Wednesday, October 29, 2014

"The Red Cross' relief effort was 'worse than the storm.'"

ProPublica exposes the American Red Cross:

In 2012, two massive storms pounded the United States, leaving hundreds of thousands of people homeless, hungry or without power for days and weeks.

Americans did what they so often do after disasters. They sent hundreds of millions of dollars to the Red Cross, confident their money would ease the suffering left behind by Superstorm Sandy and Hurricane Isaac. They believed the charity was up to the job. They were wrong. . . .

During Isaac, Red Cross supervisors ordered dozens of trucks usually deployed to deliver aid to be driven around nearly empty instead, “just to be seen,” one of the drivers, Jim Dunham, recalls.

“We were sent way down on the Gulf with nothing to give,” Dunham says. The Red Cross’ relief effort was “worse than the storm.”

During Sandy, emergency vehicles were taken away from relief work and assigned to serve as backdrops for press conferences, angering disaster responders on the ground.

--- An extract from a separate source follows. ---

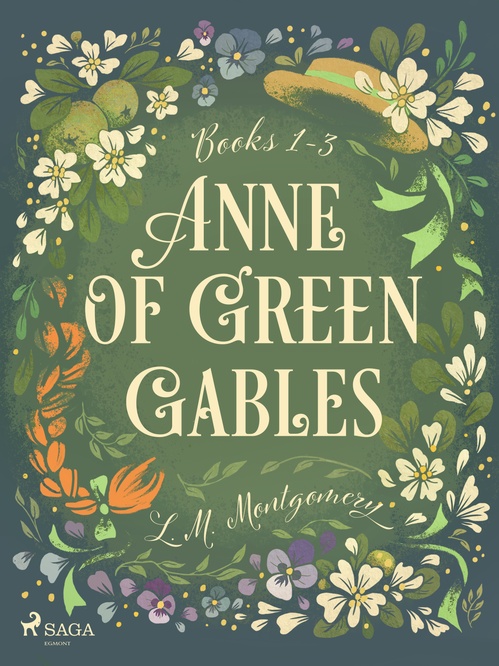 ebook cover of Anne of Green Gables Bundle 1-3, by Lucy Maud Montgomery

After both storms, the charity’s problems left some victims in dire circumstances or vulnerable to harm, the organization’s internal assessments acknowledge. Handicapped victims “slept in their wheelchairs for days” because the charity had not secured proper cots. In one shelter, sex offenders were “all over including playing in children’s area” because Red Cross staff “didn’t know/follow procedures.”

According to interviews and documents, the Red Cross lacked basic supplies like food, blankets and batteries to distribute to victims in the days just after the storms. Sometimes, even when supplies were plentiful, they went to waste. In one case, the Red Cross had to throw out tens of thousands of meals because it couldn’t find the people who needed them.

The Red Cross marshalled an army of volunteers, but many were misdirected by the charity’s managers. Some were ordered to stay in Tampa long after it became clear that Isaac would bypass the city. After Sandy, volunteers wandered the streets of New York in search of stricken neighborhoods, lost because they had not been given GPS equipment to guide them.

The problems stand in stark contrast to the Red Cross’ standing in the realm of disaster relief. President Obama, who is the charity’s honorary chairman, vouched for the group after Sandy, telling Americans to donate. “The Red Cross knows what they’re doing,” he said.

Two weeks after Sandy hit, Red Cross Chief Executive Gail McGovern declared that the group’s relief efforts had been “near flawless.”

The group’s self-assessments, drawn together just weeks later, were far less congratulatory.

“Multiple systems failed,” say minutes from a closed-door meeting of top officials in December 2012, referring to logistics. “We didn’t have the kind of sophistication needed for this size job,” noted a Red Cross vice president in the same meeting, the minutes say. . . .

[Isaac] lingered over Mississippi and Louisiana, causing major flooding and more than $2 billion in damage. In some low-lying areas, residents had to be rescued from the rooftops of their submerged homes.

The Red Cross mobilized hundreds of volunteers, equipment, emergency vehicles and supplies. But it couldn’t marshal them promptly enough to help many Isaac victims.

When Rieckenberg arrived in Mississippi to help coordinate victim care, he witnessed the incident that so troubled Dunham, the emergency vehicle driver. An official gave the order to send out 80 trucks and emergency response vehicles — normally full of meals or supplies like diapers, bleach and paper towels — entirely empty or carrying a few snacks.

The volunteers “were told to drive around and look like you’re giving disaster relief,” Rieckenberg says.
A commenter on Metafilter quips:
I know this can't be right, because I've been told private initiative is always better than government initiative.
Yeah, except . . . the Red Cross was created by the government, and it has a government mandate to work with the government (FEMA). So it's not exactly a case study in unbounded private enterprise.